鲁棒原子范数降噪及其在线谱估计中的应用

Robust atomic norm denoising with its applications to line spectral estimation

针对测量数据中含有异常值的线谱估计问题,提出了一种对异常值鲁棒的原子范数降噪方法来提高线谱估计的性能。该方法构建了一个可以联合估计出异常值及原始信号的优化问题,并在代价函数中加入l1范数和原子范数惩罚项来分别对异常值的稀疏性和信号本身的特性进行约束。一旦获得了该优化问题的解,那么就可利用现有的算法对降噪后的信号进行线谱估计。仿真结果表明,在数据中存在异常值的情况下,所提的算法能够更准确地恢复原始信号,从而使降噪后的谱估计的精度和分辨率明显提高。

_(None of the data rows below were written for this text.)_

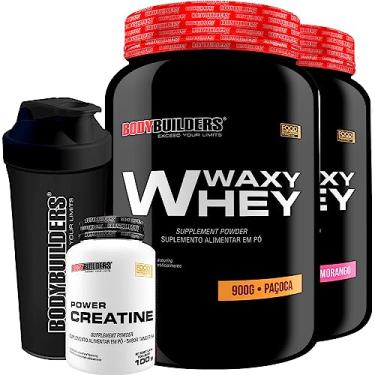 Imagem de Kit 2x Whey Protein Waxy Whey 900g + Power Creatina 100g + Coqueteleira - Bodybuilders (Morango e Paçoca)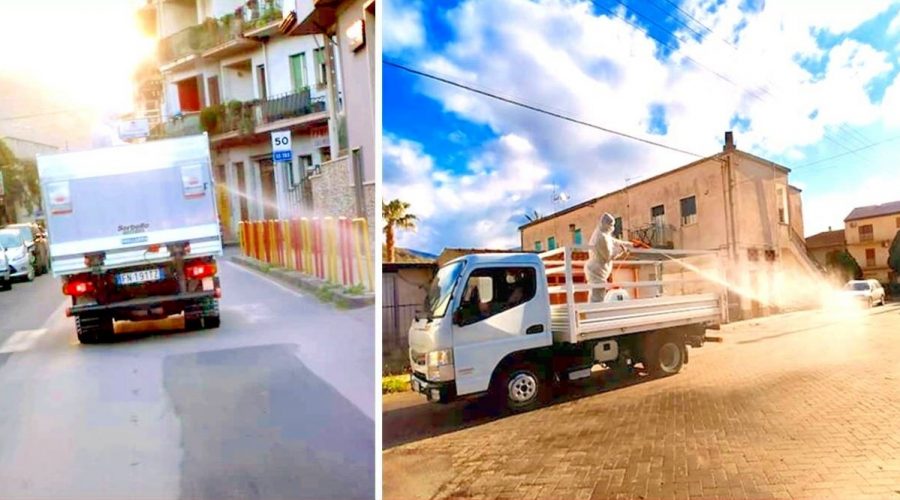 Francavilla di Sicilia, Coronavirus disinfestazione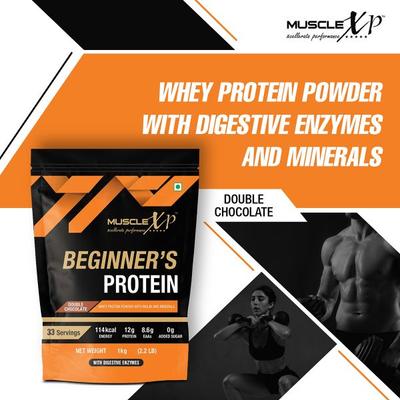 MuscleXP Beginner's Whey Protein Powder - Double Chocolate 1 kg - Workout Essentials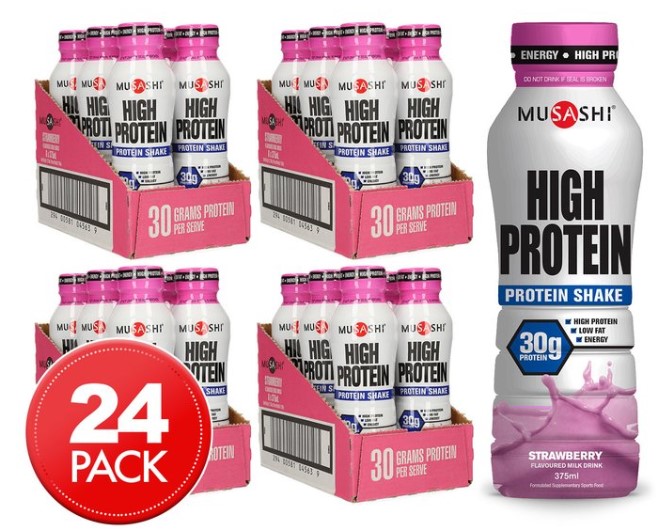 4 x 6pk Musashi High Protein Shake Strawberry 375mL $12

To estimate the line spectrum of data corrupted with outliers, a robust atomic norm denoising method is proposed. In the method, an optimization problem jointly estimating the outliers and the original signal is formulated. By adding an ιl norm penalty on the outliers and an atomic norm penalty on the signal to the cost function, the sparsity in the outliers and the signal own characteristics are constrained. Once the optimization problem is solved, the existed spectral estimation algorithms can be used to estimate the spectrum of the denoised signal. The simulation results indicate that when the observed data are corrupted with outliers, the proposed method can acquire a more accurate original signal estimation, thus the spectral estimation will be of higher precision and resolution.